Jan Marek Marci FRS (13 June 1595 – 10 April 1667), or Johannes (Greek: Ioannes) Marcus Marci, was a Bohemian doctor and scientist, rector of the University of Prague, and official physician to the Holy Roman Emperors.[1] The crater Marci on the far side of the Moon is named after him.

Career[edit]

Marci was born in Lanškroun, near the border between historical lands Bohemia and Moravia (presently parts of the Czech Republic). He studied under Athanasius Kircher,[1] and spent most of his career as a professor of Charles University in Prague, where he served eight times as Dean of the medical school and once as Rector in 1662. He was also the personal doctor of Emperors Ferdinand III and Leopold I, and distinguished himself in the defense of Prague against the Swedish armies in 1648. In October 1654 he was given the nobility title (falckrabě) "de Kronland" (anagram of "Landskron", German name for the city of Lanškroun). In 1667, he was elected as a member of the Royal Society.[1] He joined the Jesuit order shortly before his death. [2]

Work[edit]

Marci's studies covered the mechanics of colliding bodies, epilepsy, and the refraction of light, as well as other topics. Prior to Marci, the prevailing theory of color assumed that light was modified by the action of a medium to produce color. Most theories were based upon the assumption that color was simply a modification of light varying between whiteness and blackness. Marci preceded Isaac Newton in his belief that "Light is not changed into colors except by a certain refraction in a dense medium; and the divers species of colors are the products of refraction."[3] Although he thought that different colors were caused by varying angles of incidence across the 1/2 degree apparent diameter of the sun, he stated that each color was condensed or disentangled from the others after refraction into homogeneous or elementary colors of red, green, blue and purple, and that no further change in color was obtained by additional refraction of elementary colors.[4]

Marci at some time came into possession of the Voynich Manuscript, apparently upon the death of its former owner, the alchemist Georg Baresch. He sent the book to his longtime friend Athanasius Kircher, with a cover letter dated 19 August 1666, or possibly 1665.[1]

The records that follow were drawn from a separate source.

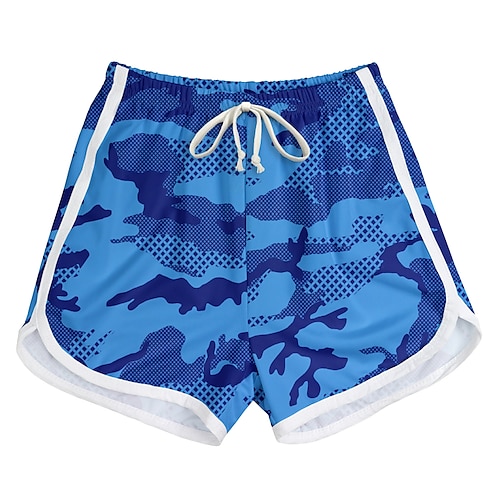 

Kids Boys One Piece Beach Shorts Swimming Geometric Active Print Bathing Suits 3-10 Years Summer Blue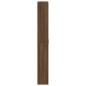 Preview: Kleiderschrank Braun Eiche 55x25x189 cm Holzwerkstoff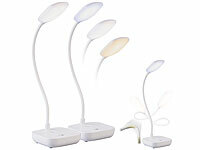 Lunartec 2er-Set Akku-Schwanenhals-... 245 lm, 7 W dimmbar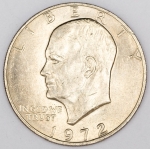 Numismática, USA Dolar Grande, Já Não Circula Mais 37mm Muito Procurada  1972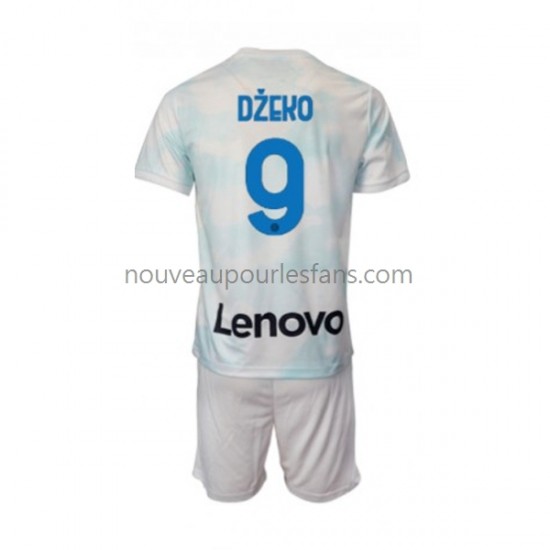 Maillot Inter Milan Edin Dzeko 9 Enfant Tenue Extérieur 2022-2023 Manche Courte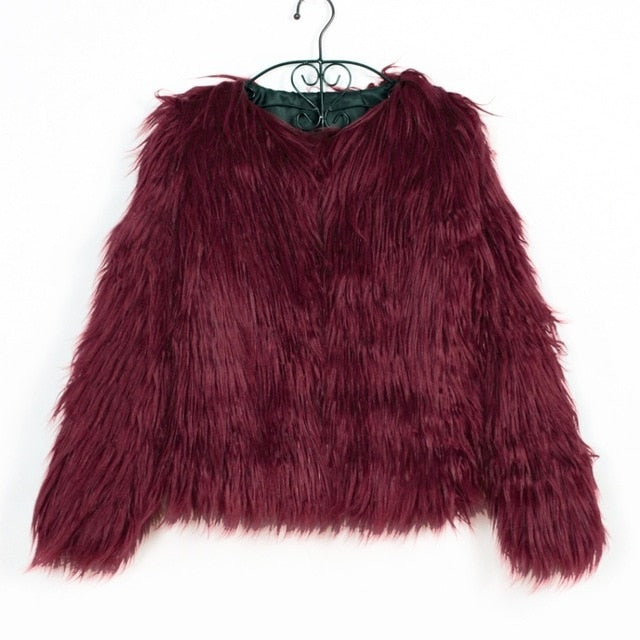 Fluffy Faux Fur Jacket - IBADDIE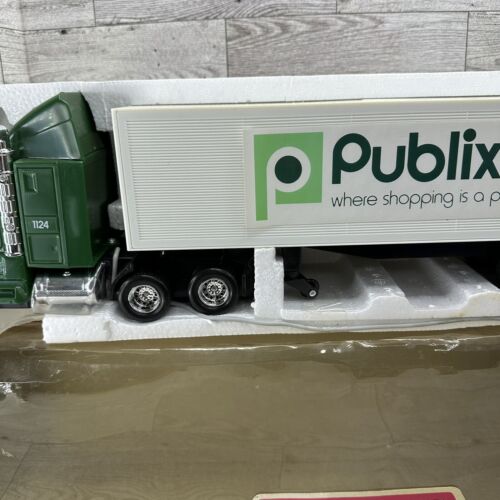 EZTEC Remote Control Semi Truck Publix 18-Wheel Hauler 18” Long Open Box Works - Picture 3 of 23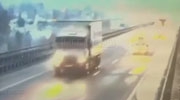 Trucker Loses Control And Falls To His Death Into An Icy River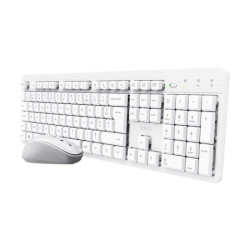 TRUST Pack clavier & souris sans fil ODY II silencieux - blanc (FR) redeal.fr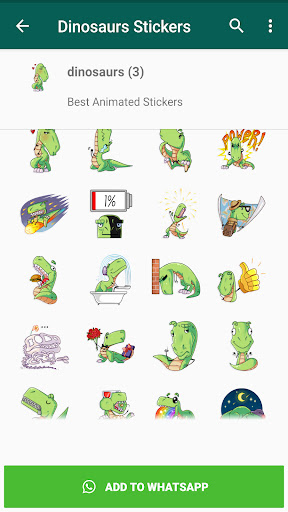 Dinosaur stickers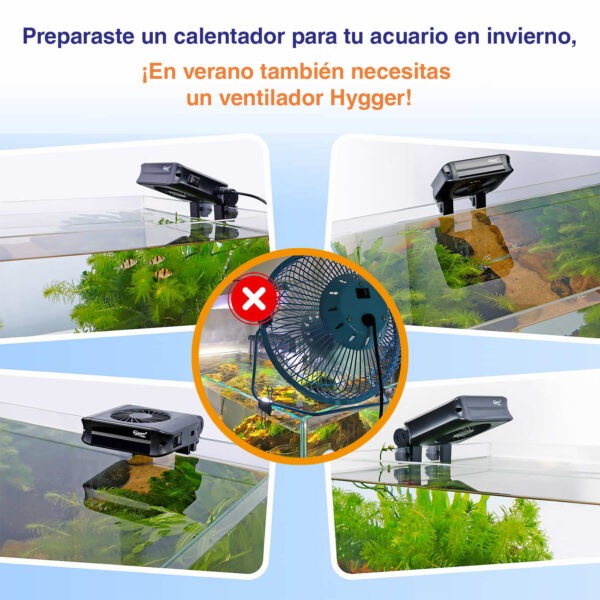 Ventilador para Acuarios Hygger HG051 | Enfriador eficiente y silencioso.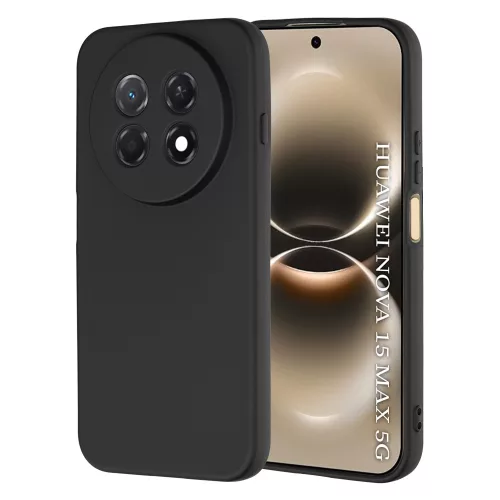Techsuit - SoftFlex szilikon tok - Huawei nova 15 Max - Fekete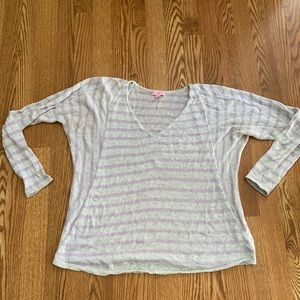 Lilly Pulitzer sweater stripes medium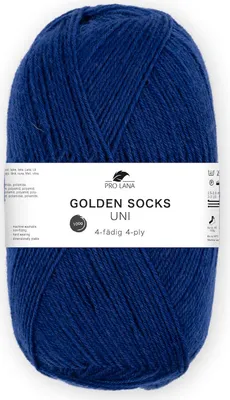 Produktbild von Pro Lana GOLDEN SOCKS 100 g uni 4-fach Sockenwolle 420 m Farbe 437 - royalblau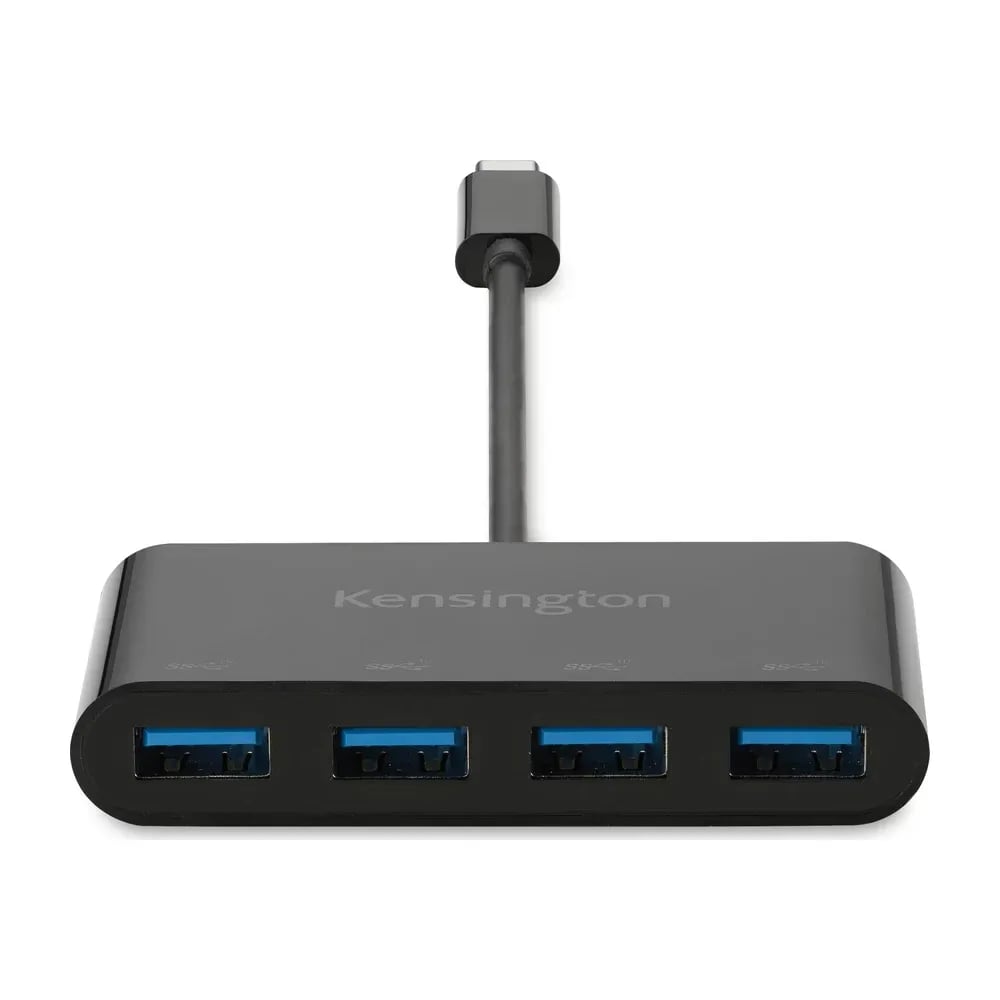 Kensington CH1200 – Hub USB-C de 4 puertos USB-A 10 Gbps - Negro en LEMM DJ Store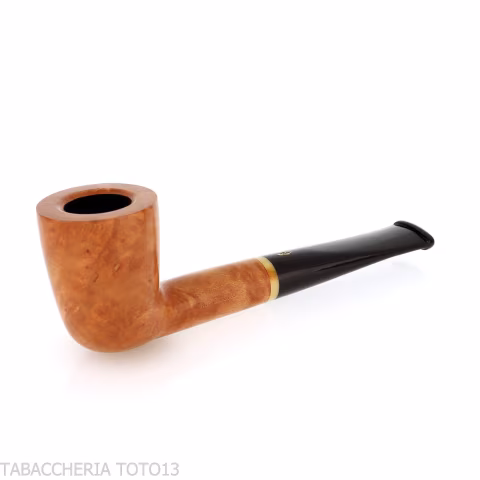 Savinelli Primo Fumo Straight Dublin 409 Pipe - Tobacco Pipes - Natural root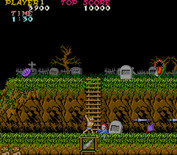 Ghosts 'N Goblins for Arcade - Zombies appear from everywhere!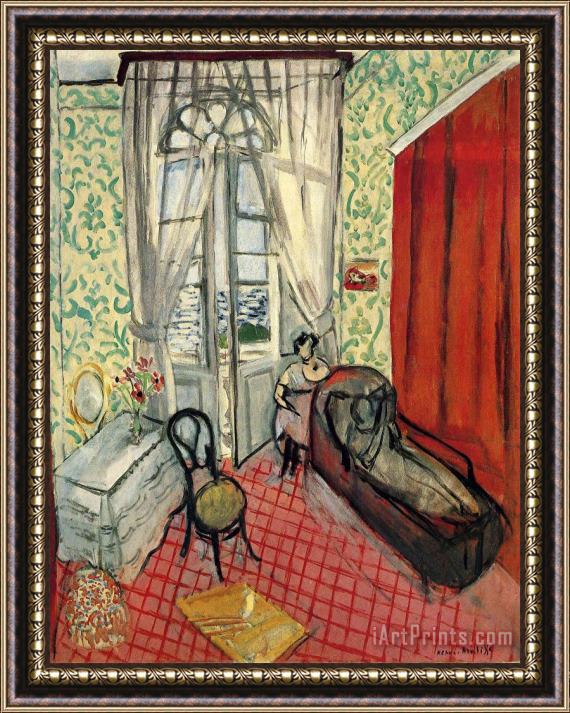 Henri Matisse Woman on Sofa Or Couch Framed Painting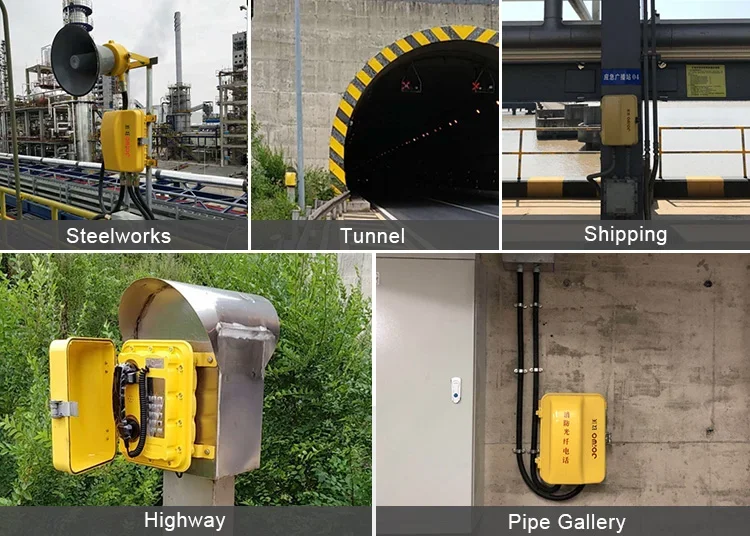 IP65 Открытый аварийный общественный телефон Водонепроницаемый для отображения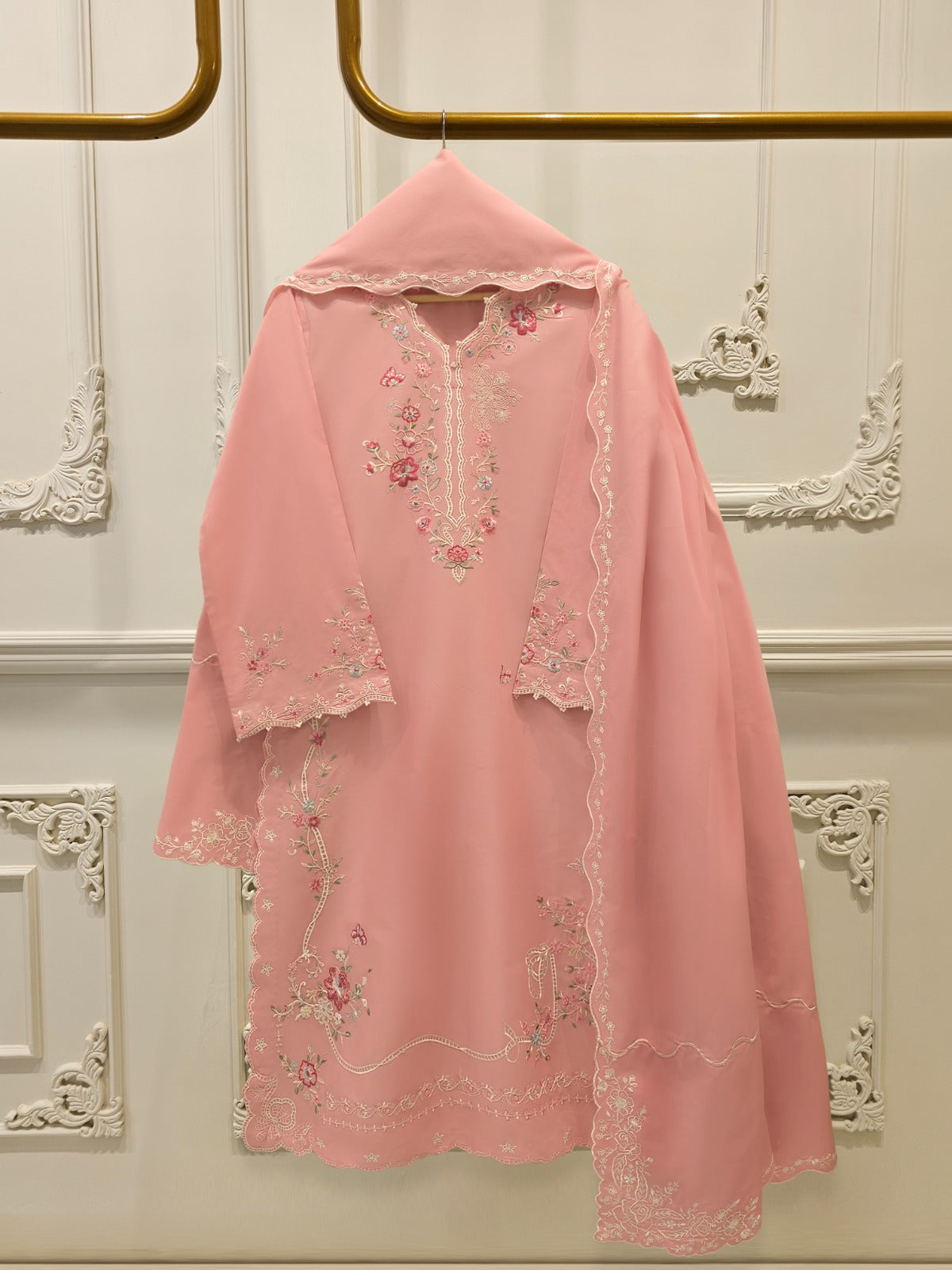 2 Piece - Embroidered Cambric Suit S113261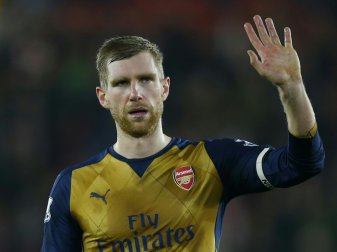 Steht bald wieder auf dem Rasen: Per Mertesacker Steht bald wieder auf dem Rasen: Per Mertesacker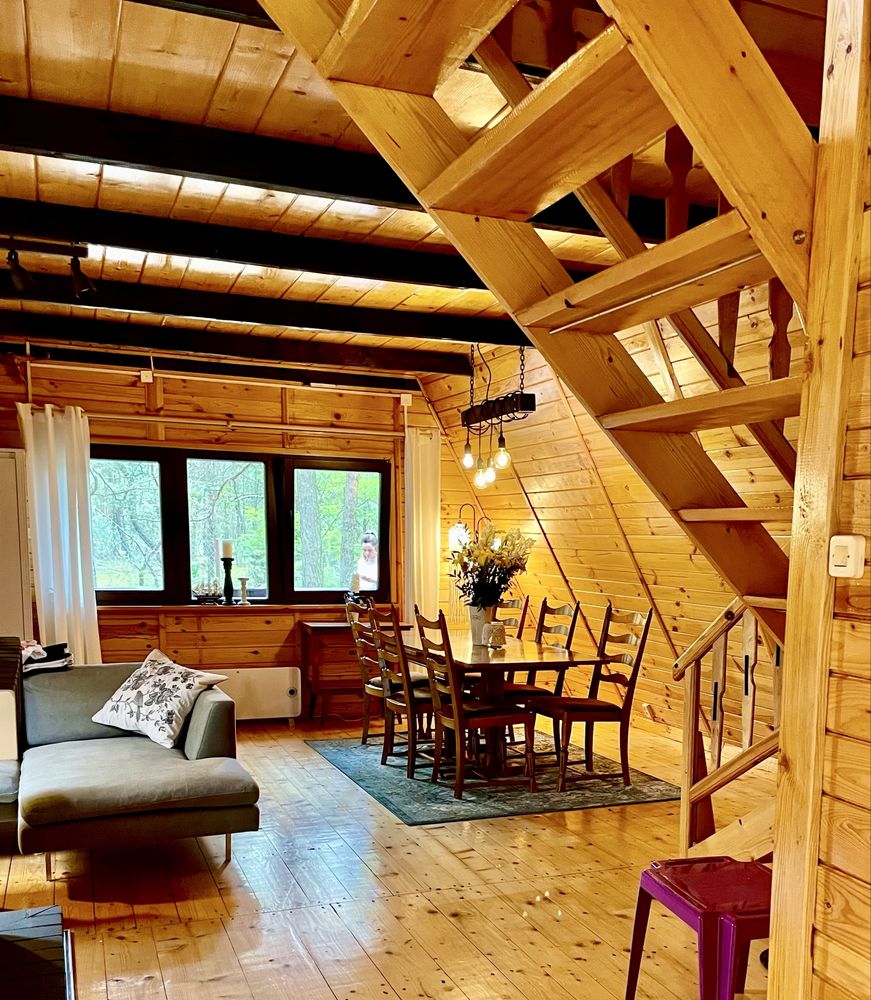 Szumilas- urokliwe siedlisko w lesie, kominek, jacuzzi, altana,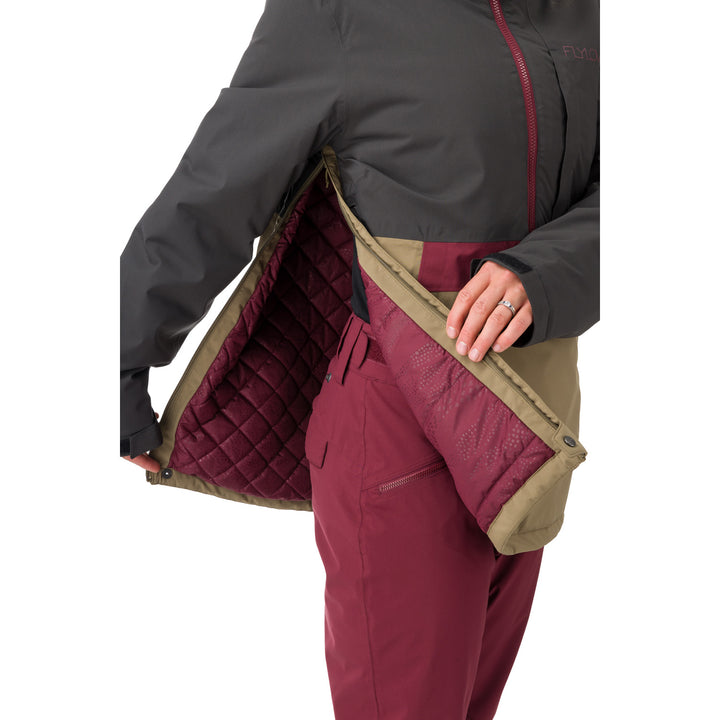 Flylow Sarah Anorak - Women's Black/Capers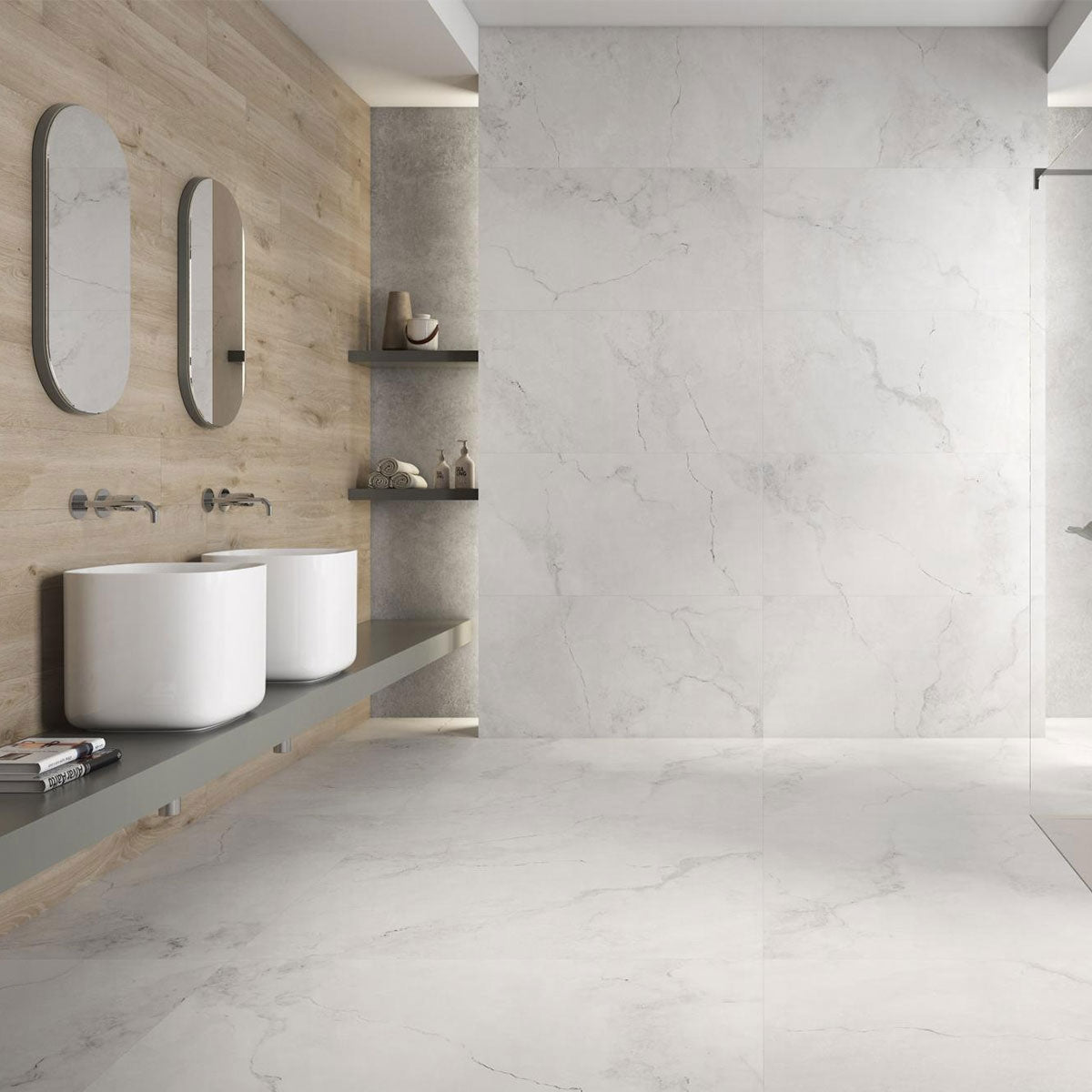 60x120 Creta White Poli (Mur/Sol)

He is remembered today by the award of an annual medal to distinguished scientists by the Slovak-Czech Spectroscopy Society.

Books[edit]

  • Operatricum Idea (1635)
  • Idearum operaticum idea (1636)
  • De proportione motus seu regula sphygmica (1639)
  • Thaumantias. Liber de arcu coelesti deque collorum apparentium natura ortu et causis (Pragae: typis Academicis, 1648)
  • Dissertatio de natura iridis (1650)
  • De longitudine seu differentia inter duos meridianos (1650)
  • Labyrinthus, in quo via ad circuli quadraturam pluribus modis exhibetur (1654)
  • Philosophia vetus restituta (1662)
  • Othosophia seu philosophia impulsus universalis (1683)

References[edit]

  1. ^ a b c d Tiltman, John H. (Summer 1967). The Voynich Manuscript: "The Most Mysterious Manuscript in the World" XII (3). NSA Technical Journal. Retrieved October 30, 2011. 
  2. ^ MacDonnell, Joseph. Companions of Jesuits: A History of Collaboration.Detroit: NU-AD Inc., 1995, p. 78.
  3. ^ Richard S. Westfall, "The Development of Newton's Theory of Color" ISIS, Vol. 53, No. 3 (Sept. 1962) pp. 339-358
  4. ^ Carl B. Boyer, The Rainbow from Myth to Mathematics (1959)

External links[edit]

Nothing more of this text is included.